If Irma stays on its current track as a category 5 hurricane, it will bring devastating damage within hours to parts of the Caribbean, affecting the lives of hundreds of thousands of children, the United Nations Children's Fund (UNICEF) today cautioned.
“Although it is still early to know the full impact that Irma will have in the region, the main concerns of UNICEF centre around the supply of drinking water and food, and the health and protection of children and adolescents,” the UN agency said in a statement.
UNICEF's office in the region has activated its emergency protocols and is working with Government officials in Antigua and Barbuda, Dominica, St. Maarten, St. Kitts and Nevis, and the Virgin Islands, as well as the Dominican Republic, Haiti and Cuba, which the hurricane is projected to hit next.
Supplies of drinking water, unperishable food and medicines, and emergency kits are pre-positioned and ready for distribution in the most affected communities, UNICEF said.
The agency also activated its U-Report platform, which allows it to send urgent messages via Facebook and other social media platforms to young people who subscribed.
“Considering the possible magnitude that Irma represents, it is both hugely urgent and necessary to be prepared, informed and vigilant so that we try to avoid the impact on the most vulnerable, that is to say children,” said Marita Perceval, Regional Director of UNICEF in Latin America and the Caribbean.
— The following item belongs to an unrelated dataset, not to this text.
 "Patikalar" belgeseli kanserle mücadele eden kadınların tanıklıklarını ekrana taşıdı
According to recent information, Irma has become “the most dangerous natural phenomenon” in the region this year.
Its impact will likely surpass Hurricane Matthew, which was a category 4 hurricane on a five-point scale and affected 3.2 million people last October – of whom 1.3 million were children.
Since last fall, UNICEF said it has been working with Government officials in the area to help create better access to clean water and hygiene, education, protection, nutrition and health, and respond to the spread of cholera.
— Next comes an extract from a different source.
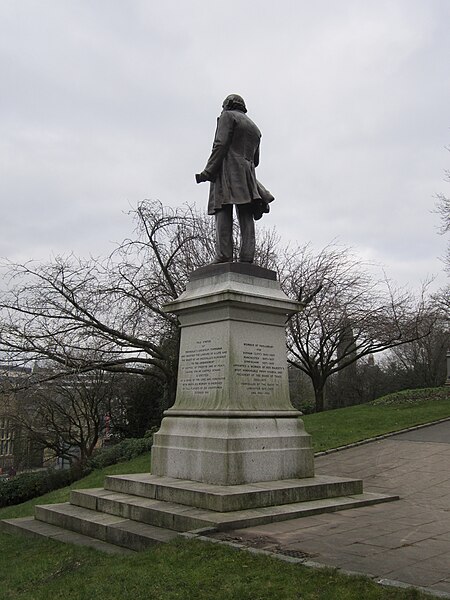 File:John Bright statue, Broadfield Park, Rochdale (2).JPG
Humanitarian team en route to Barbados
A team of humanitarian workers is heading to Barbados today to work with the Caribbean Disaster Emergency Management Agency (CDEMA), a UN spokesperson announced. The team will help those on the ground brace for a storm that could affect up to 37 million people.
In Haiti, UN humanitarian staff have been deployed to the northern area of the island, which is likely to be hit. In addition, some military and police from the drawn-down of the UN peacekeeping mission in the country, known as MINUSTAH, are preparing to be deployed to assist the Haitian National Police.